DBD should encode texts into UTF-8 with mysql_enable_utf8 => 1 flag.
It works only:
- When using DBD MySQL, and there are no diacritics at all.
- When using DBD MySQL, and there are more complex special characters like „ž“, „š“ (characters with hooks, or a combination of more complex characters).
- When using DBD MySQL, and force encoding every SQL, and every execute @parameters to UTF-8 just before pass to DBD MySQL. But thats wrong.

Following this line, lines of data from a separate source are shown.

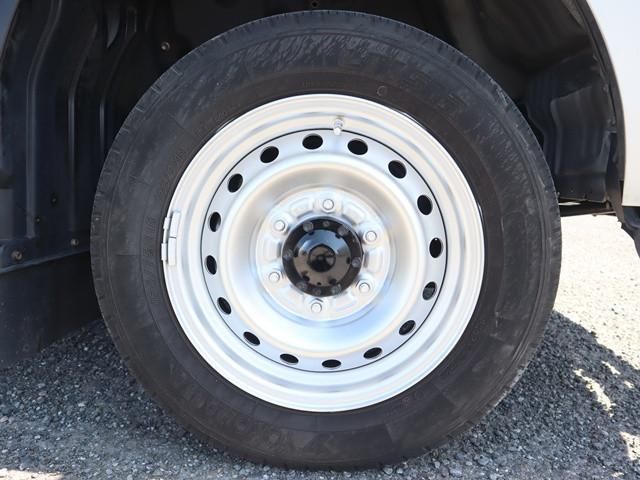 TOYOTA TOYOACE 2018 Image 31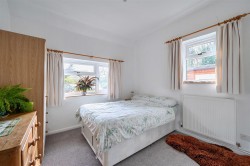 Images for West Knoyle, Warminster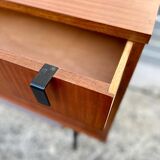 Modernist sideboard 1960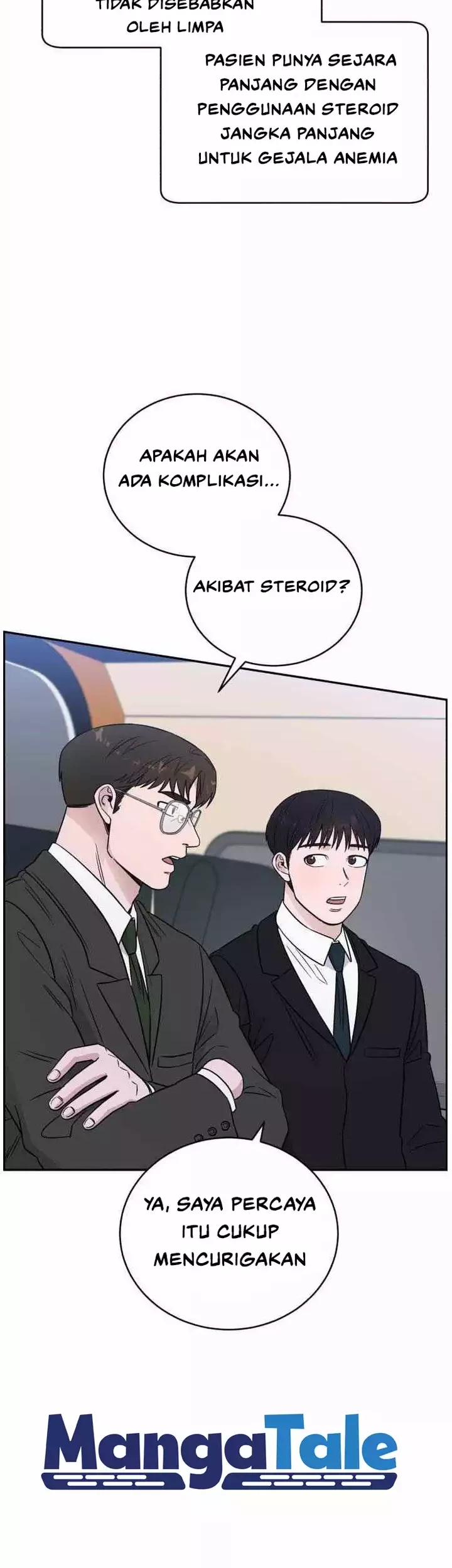 Chapter 44 - halaman 43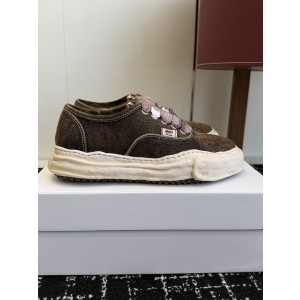 Maison MIHARA YASUHIRO Sneaker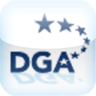 The-Democratic-Governors-Association-(DGA)
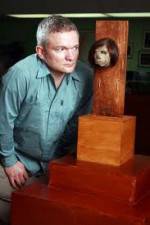 Watch Headshrinkers of the Amazon Movies123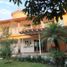 Maison 3 chambre à vendre à Cuernavaca, Morelos, Cuernavaca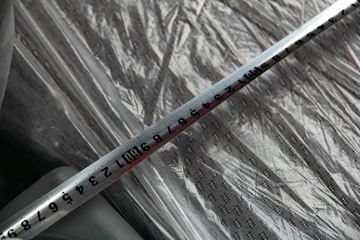 һ����� J6L�п� 220���� 4X2ǣ����ͼƬ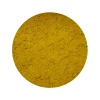 Curry Thaise Kruidenmix kiemarm Biologisch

- When using DBD MariaDB always. MariaDBD is compatible and is 100% working without this bug. So i am now using MariaDBD on MySQL Database.
It is not working:
- When using DBD MySQL, when there is only some characters, for example "á" in word „Informátor“. It simply ignores "á" and does not encode it. In database SQL „show processlist“ is „Inform?tor“. So INSERT save word „Inform?tor“. And when search in SELECT WHERE its search for „Inform?tor“. Thats wrong.
Other information
No response
Ever tried doing
SET NAMES utf8mb4;
at the beginning of your session?
Ever tried doing
SET NAMES utf8mb4;at the beginning of your session?
YES. I have tried also:
SET NAMES utf8mb4;
set character set utf8mb4;
or
SET NAMES utf8;
set character set utf8;
I must repeat, that it should work for ALL characters or NONE. Its working for SOME.

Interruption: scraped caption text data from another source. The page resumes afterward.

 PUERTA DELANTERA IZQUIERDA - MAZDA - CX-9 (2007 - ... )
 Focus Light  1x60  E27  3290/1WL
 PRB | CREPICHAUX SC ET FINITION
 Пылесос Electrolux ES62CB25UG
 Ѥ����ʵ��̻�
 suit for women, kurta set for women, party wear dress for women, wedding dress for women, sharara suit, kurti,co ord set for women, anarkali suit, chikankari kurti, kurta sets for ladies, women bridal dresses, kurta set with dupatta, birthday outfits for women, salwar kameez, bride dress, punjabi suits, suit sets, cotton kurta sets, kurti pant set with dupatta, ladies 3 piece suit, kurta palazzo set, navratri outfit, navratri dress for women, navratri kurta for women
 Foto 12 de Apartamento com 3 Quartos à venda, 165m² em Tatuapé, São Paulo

Is it, by chance, working with characters that are historically in latin-1 but not in whatever 8-bit codepage used to serve your language (looks like Slovak or Czech, so iso8859-2 or cp1252)? Or vice versa? The thing is that your code should be UTF8 across the board, and if the unicode is in your perl source, you need to use utf8; somewhere at the top too.
Everything is in UTF-8 on input or output. Everything is in UNICODE inside script.
I am using:
use utf8; # this script text is in UTF-8 (auto decode)

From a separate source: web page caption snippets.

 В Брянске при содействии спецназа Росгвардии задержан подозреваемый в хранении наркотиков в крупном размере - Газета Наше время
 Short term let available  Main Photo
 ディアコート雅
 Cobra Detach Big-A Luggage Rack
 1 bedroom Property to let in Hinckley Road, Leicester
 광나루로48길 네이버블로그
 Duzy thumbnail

use feature 'unicode_strings'; # this script use unicode in regexp (auto decode)
in every file.
I am using
utf8::decode($query);
for every input.
i am using
utf8::encode($page);
just before final print.
Also everything is woking fine with DBD::MariaDB.
I am mostly using this source: https://perldoc.perl.org/perlunifaq
And thank You for Your help Yaroslav. I will be using only Maria Database in future, so i will not use MySQL, but i have reported this bug to warn and help others.
It's interesting because I haven't run into this and I'm using Unicode a lot. Granted, I'm still using DBD::mysql 4.050, so there might have been a regression or other, because I can see that barring some system setting on the way, you haven't left a stone unturned here (system locale in both client and server? The character set declared on the table columns themselves maybe?).
Sorry that I had to ask all of this stuff, but since I've had my own problems with Unicode, I just know how hard it can be to make sure all ducks are really in a row and how one stupid setting can ruin a week.
This is likely an instance of the Unicode bug present in this distribution and why you should use DBD::MariaDB, see https://github.com/perl5-dbi/DBD-mysql/issues?q=is%3Aissue+is%3Aopen+label%3Autf8 and https://blogs.perl.org/users/grinnz/2023/12/migrating-from-dbdmysql-to-dbdmariadb.html. The workaround if so would be to call utf8::upgrade on any unicode strings immediately before passing them as parameters (it operates on the string in-place, and leaves the string unchanged to Perl but different to broken interpretations like DBD::mysql).